Later this week Theresa May will mark her first 100 days as Prime Minister and whilst not on the same scale of JFK’s first three months (creating the Peace Corps, dealing with the Bay of Pigs fiasco, announcing the aim of getting a man on the moon and wrestling with Khrushchev) the opinion polls would suggest the country strongly approves of the approach and style May has shown so far.
Following a (thankfully) truncated leadership election, Theresa’s election gave the country some much needed stability after a nasty and divisive referendum. The relative peace of August and September afforded the new government time and space to settle in and start addressing some of the overflowing and challenging ministerial ‘in trays’.
One of Mrs May’s first acts as Prime Minister in the House of Commons was to reconfirm the government’s commitment to renewing Trident; Hinkley soon followed with Heathrow due to be given the green light next week, more of which later. Grammar school expansion and a timetable for the EU divorce talks were also announced. It hasn’t been all plain sailing though, with the tumbling pound and the debate over the approach to Brexit causing significant tensions.

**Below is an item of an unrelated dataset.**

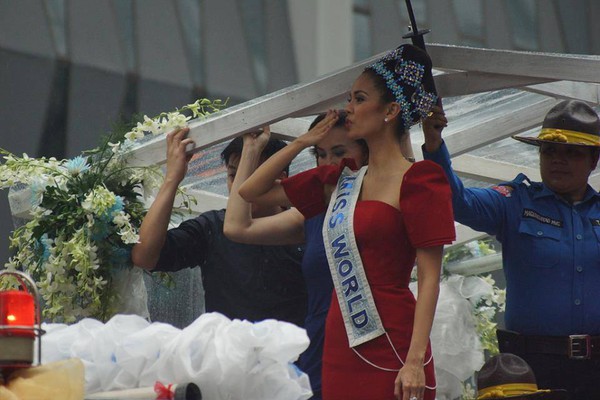 Người dân Philippines đội mưa đón Tân Hoa hậu Thế giới 11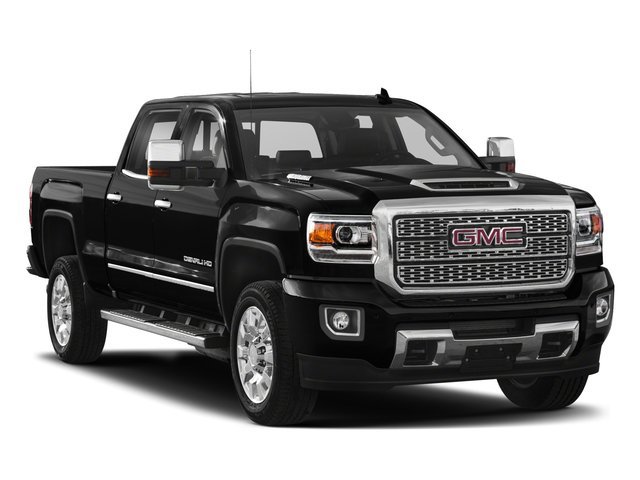 Used 2018 GMC Sierra 2500 Denali w/ Duramax Plus Package AWD/4WD image 9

Inevitably, it is Brexit that has caused the most turbulence and tension within the new government. After a rare misreading of the parliamentary mood, the government needs to unpick its earlier muddled approach to the role it would like Parliament to play in scrutinising and debating the approach to Brexit and allow it a greater role. Theresa will not have been impressed with the blue-on-blue briefings and cabinet leaks and her approach to the vexed question of Heathrow suggests a more finessed approach. Suspending collective responsibility for a brief period should help to ensure that resignations are kept to a minimum, with the exception of Zac Goldsmith almost inevitably due to cause a by-election in Richmond Park. If the government is really bold, expect both Heathrow and Gatwick to be given the nod with some good news for Birmingham too.
The Autumn Statement due on the 23rd of November will help give a clearer indication of the government’s priorities and approach. I expect there will be significant announcements on other infrastructure priorities, a more interventionist approach in areas such as housing, as well as more flesh on the bones regarding the government’s economic priorities for the Brexit negotiations.
Theresa's first hundred days shows a sharp move away from Cameron's short termist 'government by press release', a willingness to carefully consider and then seek to address some of the deeper rooted and structural challenges this country faces. There are also some warning signs of a Cabinet still needing better discipline, a slightly authoritarian approach to Parliament which will come unstuck regardless what size your majority and some mixed messaging from the No 10 communications office. Taken in perspective though, given the scale of her political inheritance and the slimness of her majority, I think it's quite an impressive start.